La coronación del rey. Indulto para algunos condenados. Los iconos de la Transición: El Abrazo de Genovés y el jersey de Marcelino. En Roma, con Pasionaria

Antes de que Franco fuera enterrado en el Valle de los Caídos, el príncipe Juan Carlos leyó ante las Cortes su discurso de coronación. Los más perspicaces creyeron ver en sus palabras algunos indicios de su voluntad democrática.

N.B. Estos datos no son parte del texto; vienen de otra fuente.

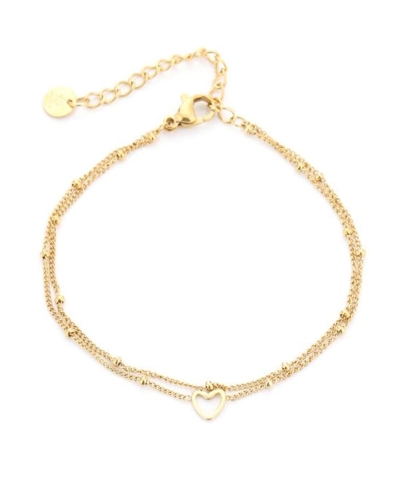 Gossip DUBBELE ARMBAND HARTJE Goud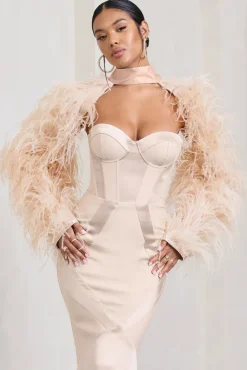 Wild | Champagne Satin Jacket With Long Feather Sleeves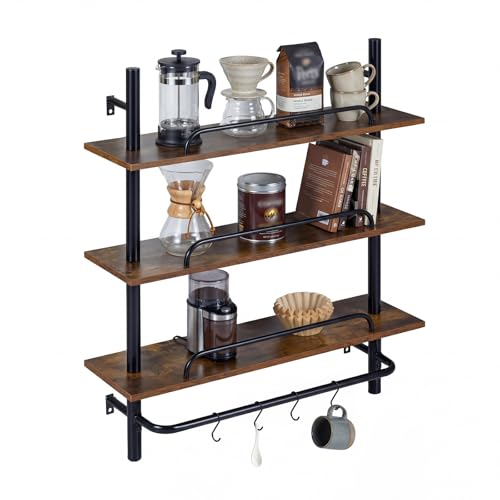 COSTWAY 3-Tier Floating Shelves for Wall, Industrial Pipe Shelving with LED Light, 4 S-Shaped Hooks, Wall Mounted Spice Rack Hanging Display Rack for Kitchen Living Room (No LED Light)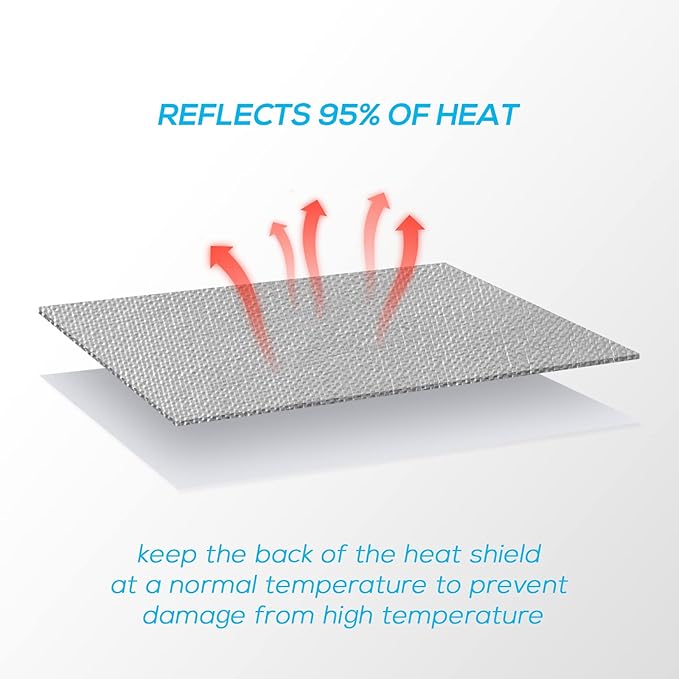 FLASLD Aluminized Heat Shield Thermal Barrier Adhesive Backed Heat Blanket 24'' X 40'', Capable of Reducing Up to 90% of Radiant Heat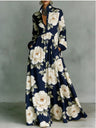 Long-sleeved Printed Maxi Dress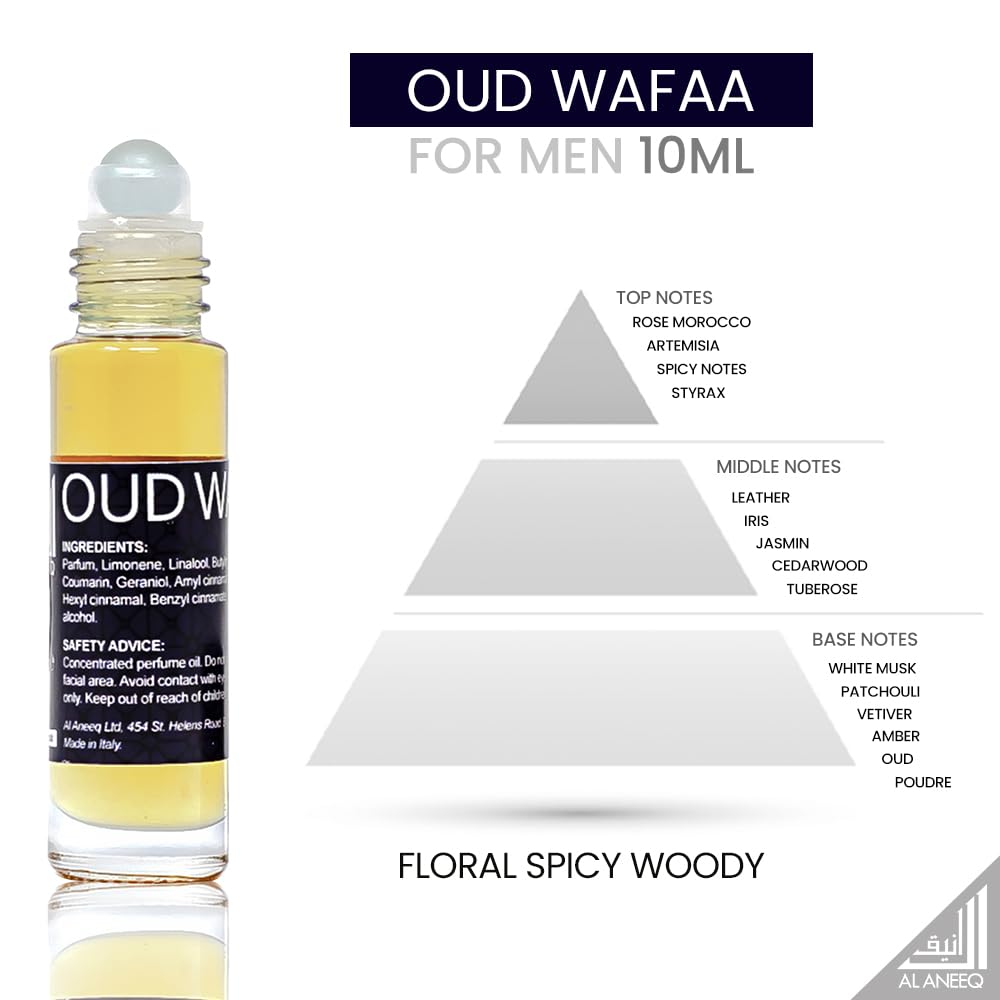 AL ANEEQ Oud Wafaa Perfume Oil for Men | Attar Perfume for Mens Arabic Roll On 10ml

Las fuerzas de la izquierda desconfiaban de un rey, al que enseguida apodaron Juan Carlos el Breve, que asistió visiblemente afectado a los funerales de Franco y que, ante todos los procuradores franquistas, juró sobre la Biblia que iba a «cumplir y hacer cumplir las leyes Fundamentales del Reino y guardar y hacer guardar lealtad a los Principios Fundamentales del Movimiento Nacional». Poco después, celebró su coronación con una misa en la iglesia de los Jerónimos, donde el presidente de la Conferencia Episcopal, el cardenal Tarancón, pronunció una homilía en la que mencionaba los derechos humanos y las libertades, algo que indignó profundamente a los franquistas. Al cabo de los diez días, el 30 de noviembre, el rey firmó un indulto para unos cuatro mil presos, entre los que se encontraban los condenados por el Proceso 1001.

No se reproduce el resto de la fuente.